● **Assignment**
Wherever the line with "Image of Auction Item" sits in the listing below, transcribe from it up to and including the line with "Still_Wakes_the_Deep_Sirens_Rest_map_2_2_2", exactly, and leave the remaining lines out.

● **Available records**
Start of Block
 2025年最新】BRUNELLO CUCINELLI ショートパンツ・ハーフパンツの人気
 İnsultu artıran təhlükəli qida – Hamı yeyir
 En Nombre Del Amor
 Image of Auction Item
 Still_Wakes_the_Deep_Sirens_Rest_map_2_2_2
End of Block
Start of Block
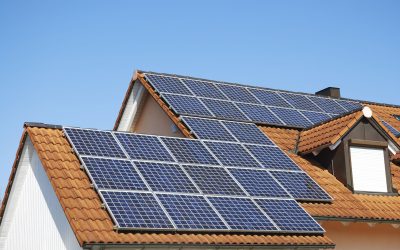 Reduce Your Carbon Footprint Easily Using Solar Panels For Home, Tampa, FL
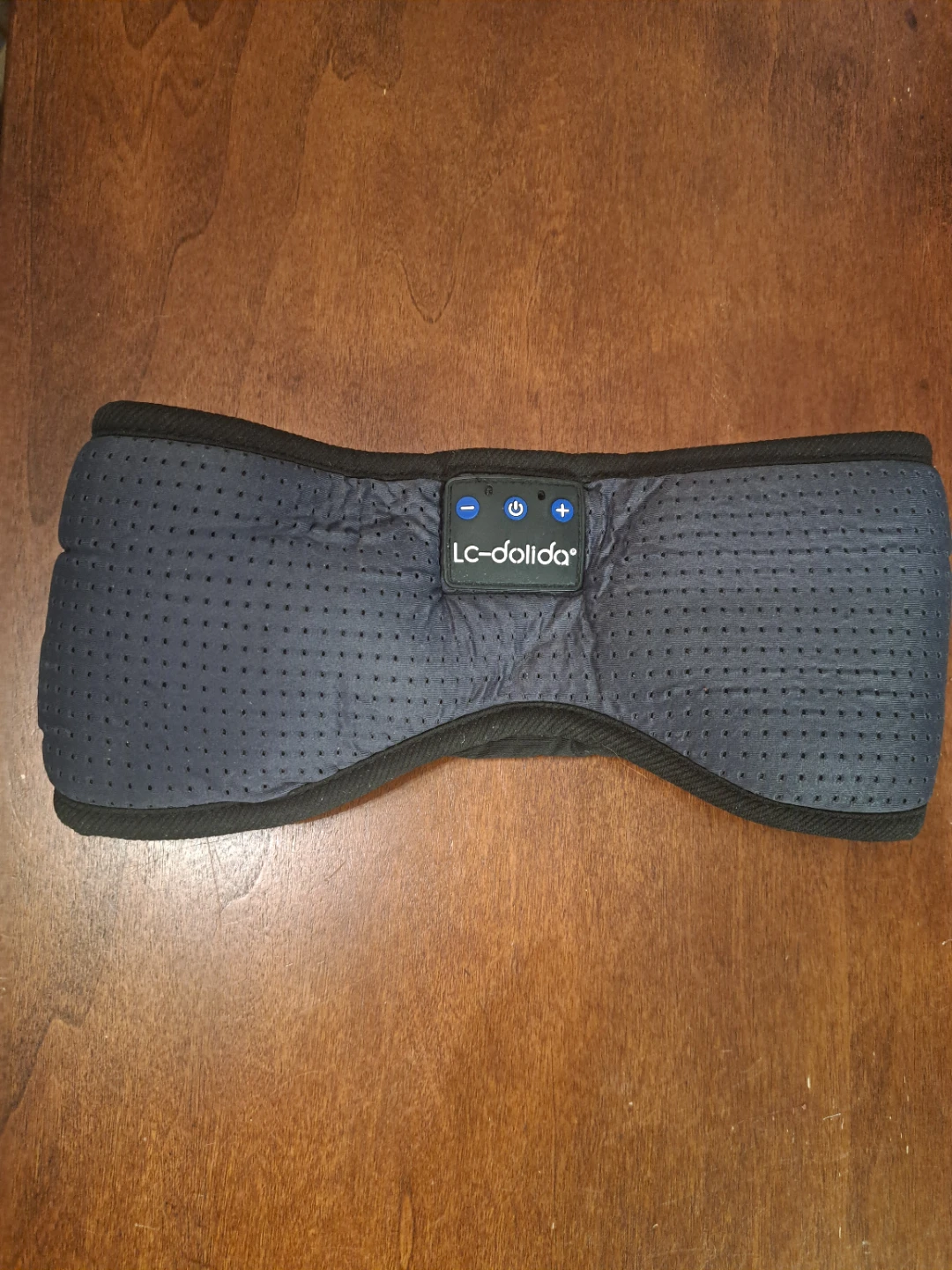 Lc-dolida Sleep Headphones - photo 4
End of Block
● **Task output**
 Image of Auction Item
 Still_Wakes_the_Deep_Sirens_Rest_map_2_2_2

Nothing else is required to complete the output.